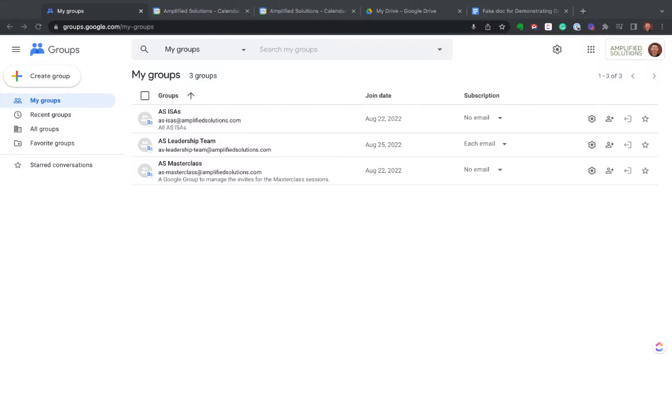Let's review some ways you can use Google Groups to better organize your business. If you're a Google Workspace user, formerly known as Google G Suite, if you have a paid Google account where you use your own domain, you've got this Groups feature.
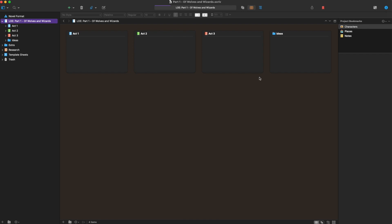So this is the main screen for Scrivener. Now you can only have one thing open at once so that if you opened up a different manuscript, it would be a whole other screen. So in this, I've got Legends of the Scared Off, part one of Wolves and Wizards, and this is our manuscript. I've got our manuscript broken down into Act 1, Act 2, and Act 3, and then Ideas.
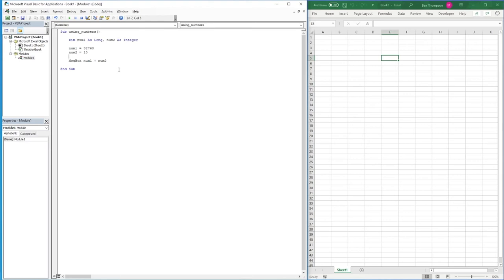When working with numbers, understand the range you'll be using and choose the appropriate variable type accordingly. This can be tricky when deriving numbers from calculations. For now, let's return to Integer and put our values back to 10.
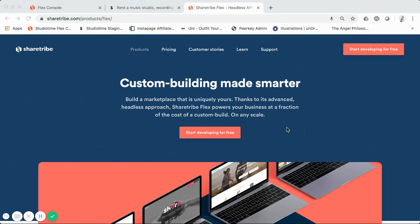I also run Thinkbox, which is a low and no-code marketplace startup studio. We work with others, so if you're looking to start a marketplace and don't have the capabilities to build and launch it yourself, or you're looking for a team to work with you, you can check out the link down below.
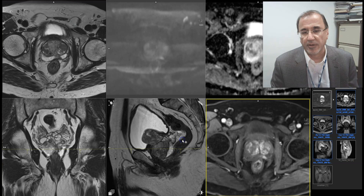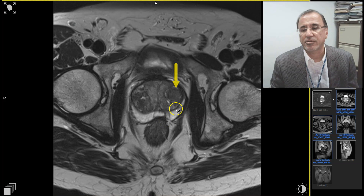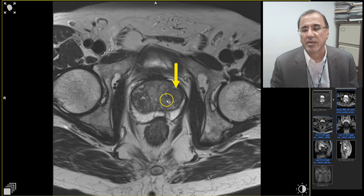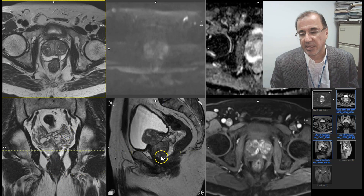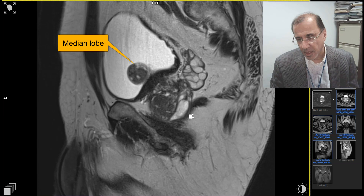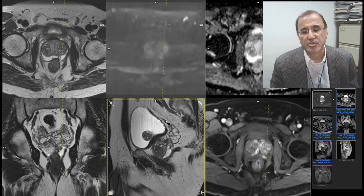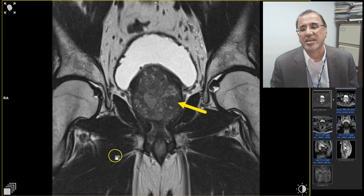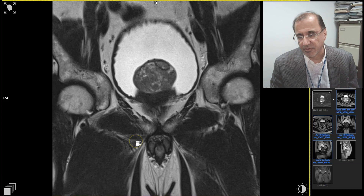We also need to look at the transition zone. There is a nodule with glandular structures around it. In another plane, we see such a large nodule of BPH and a median lobe. There is a stromal nodule with glands around it — that looks like a stromal nodule. In the coronal plane, again there's the stromal nodule with glands around it and this very large median lobe sticking into the bladder.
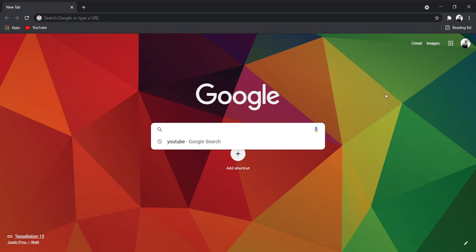Today I am going to show you how to install the Zoom application in Windows 10. Come on, let's go. Open Chrome and click Zoom.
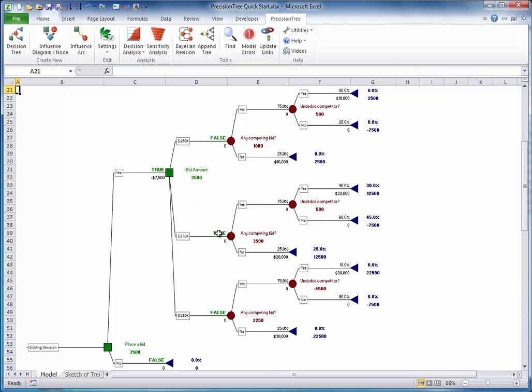True. True. In this case, the company should place a bid, and it should be for the amount $170,000. The expected net gain from following this strategy is $3,500. You can see this in three places: right here, right here, and right here.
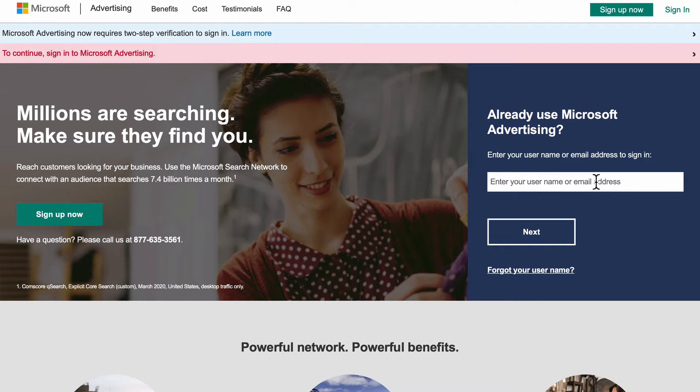The account number is what is needed when dealing with Microsoft Ad support, third-party app support, or when linking your account to any agency to have them manage your advertising on your behalf. So let's get started.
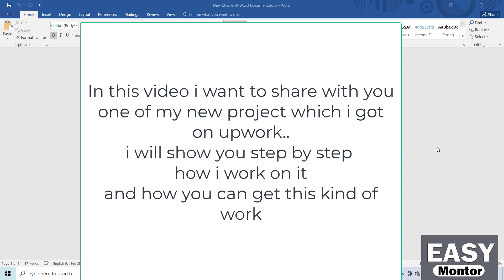In this video I want to share with you one of my new projects which I got on Upwork. It was a data entry project. I earned $15 by doing this work. I want to show you step by step how I worked on this project and how you can do this kind of work. It's a very pretty easy kind of job.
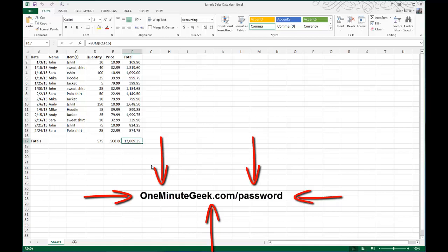And while you're there, sign up for my newsletter that includes helpful tutorials, tips, and tricks like this one that you can use in Microsoft Office every day.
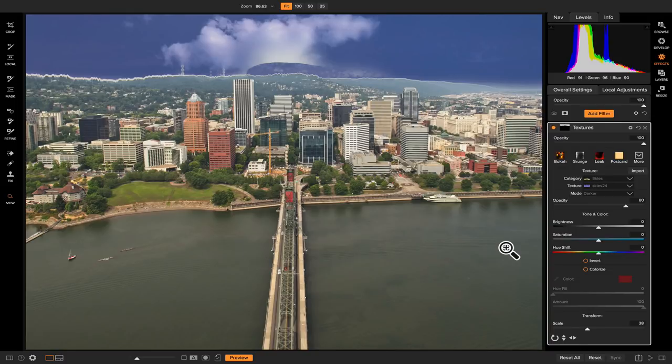So those are a few tips on how you can create different masks using ON1 Photo RAW and a little more information on what the masking tools do. Thanks so much for watching Tip of the Week — I'm Dylan with ON1, and stay tuned for more.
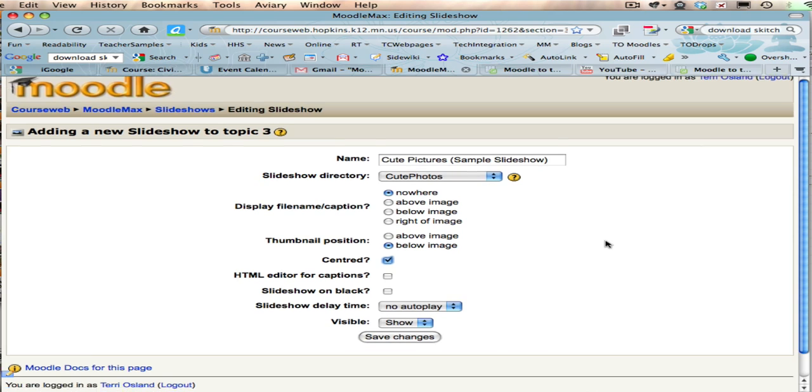I don't know what that means. I'm going to center it, and the HTML editor lets you format the text if you add captions. That sounds okay for me.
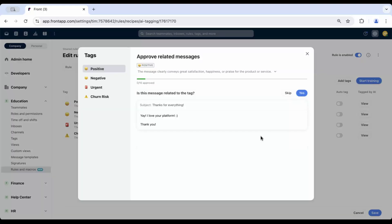During training, you'll approve 10 example messages that fit the tag. Once this is done, automatic tagging will be enabled for that tag.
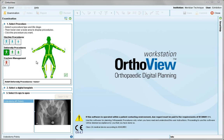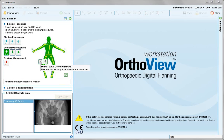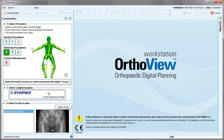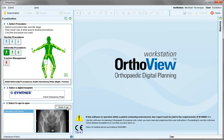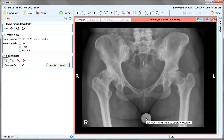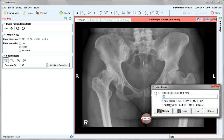In the Deformity module, hover over the femur and choose from the plate symbol. The adult osteotomy plate appears — open the X-ray and scale the image.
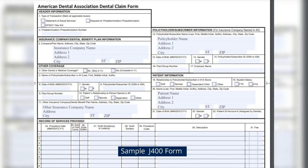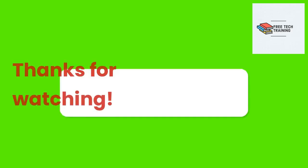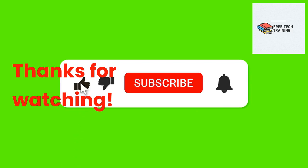In an interview, if asked about the different types of claim forms, you can say: institutional — UB04; professional — CMS 1500; dental — J400 form. I hope this video is helpful. Thank you for watching.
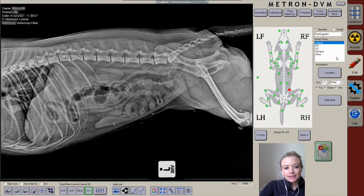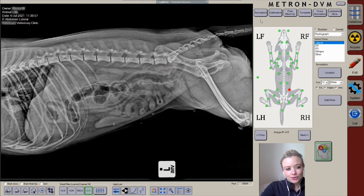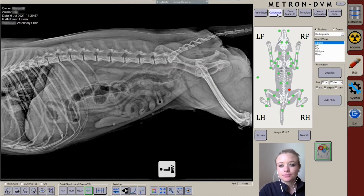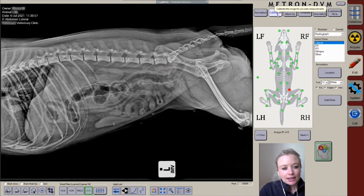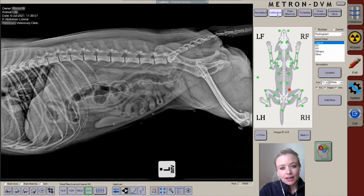Edits is also where you undertake your measurements and add annotations to your radiograph. The Metron software is unique in that it requires you to calibrate your images before you can perform measurements. This is a strength of the software because it allows for very accurate measurements to be taken.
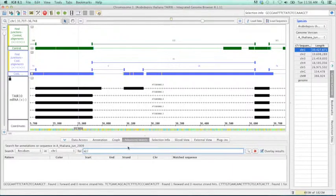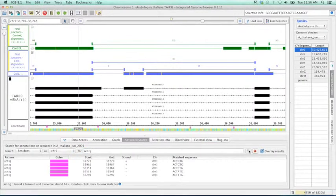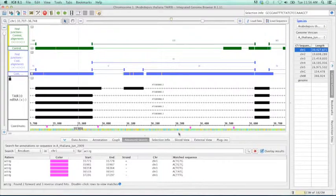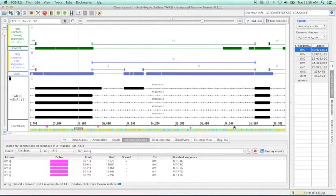So if we look at ACT, TG again. We search. Yes, so this one is on the minus strand. This one's on the minus strand. And then these two should be on the positive.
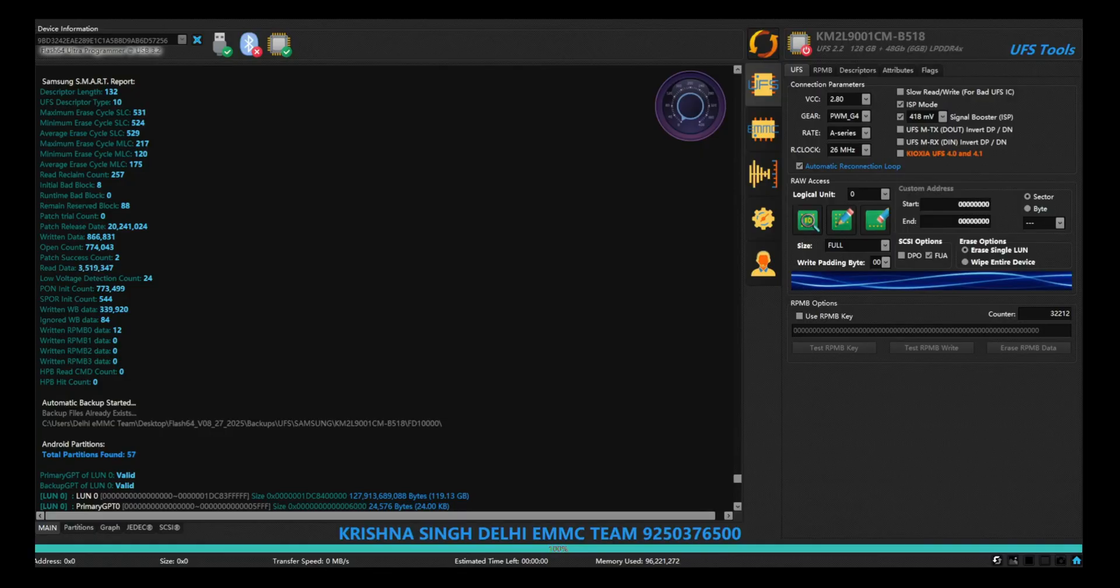So I made ISP jumpers and connected to PWM G4, took backup.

WHAT TO DO: Please print the entries exactly as they stand. Images are not part of the copy.

YOUR RESPONSE:
Let's review some ways you can use Google Groups to better organize your business. If you're a Google Workspace user, formerly known as Google G Suite, if you have a paid Google account where you use your own domain, you've got this Groups feature.
So this is the main screen for Scrivener. Now you can only have one thing open at once so that if you opened up a different manuscript, it would be a whole other screen. So in this, I've got Legends of the Scared Off, part one of Wolves and Wizards, and this is our manuscript. I've got our manuscript broken down into Act 1, Act 2, and Act 3, and then Ideas.
When working with numbers, understand the range you'll be using and choose the appropriate variable type accordingly. This can be tricky when deriving numbers from calculations. For now, let's return to Integer and put our values back to 10.
I also run Thinkbox, which is a low and no-code marketplace startup studio. We work with others, so if you're looking to start a marketplace and don't have the capabilities to build and launch it yourself, or you're looking for a team to work with you, you can check out the link down below.
We also need to look at the transition zone. There is a nodule with glandular structures around it. In another plane, we see such a large nodule of BPH and a median lobe. There is a stromal nodule with glands around it — that looks like a stromal nodule. In the coronal plane, again there's the stromal nodule with glands around it and this very large median lobe sticking into the bladder.
Today I am going to show you how to install the Zoom application in Windows 10. Come on, let's go. Open Chrome and click Zoom.
True. True. In this case, the company should place a bid, and it should be for the amount $170,000. The expected net gain from following this strategy is $3,500. You can see this in three places: right here, right here, and right here.
The account number is what is needed when dealing with Microsoft Ad support, third-party app support, or when linking your account to any agency to have them manage your advertising on your behalf. So let's get started.
In this video I want to share with you one of my new projects which I got on Upwork. It was a data entry project. I earned $15 by doing this work. I want to show you step by step how I worked on this project and how you can do this kind of work. It's a very pretty easy kind of job.
And while you're there, sign up for my newsletter that includes helpful tutorials, tips, and tricks like this one that you can use in Microsoft Office every day.
So those are a few tips on how you can create different masks using ON1 Photo RAW and a little more information on what the masking tools do. Thanks so much for watching Tip of the Week — I'm Dylan with ON1, and stay tuned for more.
I don't know what that means. I'm going to center it, and the HTML editor lets you format the text if you add captions. That sounds okay for me.
During training, you'll approve 10 example messages that fit the tag. Once this is done, automatic tagging will be enabled for that tag.
In the Deformity module, hover over the femur and choose from the plate symbol. The adult osteotomy plate appears — open the X-ray and scale the image.
In an interview, if asked about the different types of claim forms, you can say: institutional — UB04; professional — CMS 1500; dental — J400 form. I hope this video is helpful. Thank you for watching.
Edits is also where you undertake your measurements and add annotations to your radiograph. The Metron software is unique in that it requires you to calibrate your images before you can perform measurements. This is a strength of the software because it allows for very accurate measurements to be taken.
So if we look at ACT, TG again. We search. Yes, so this one is on the minus strand. This one's on the minus strand. And then these two should be on the positive.
So I made ISP jumpers and connected to PWM G4, took backup.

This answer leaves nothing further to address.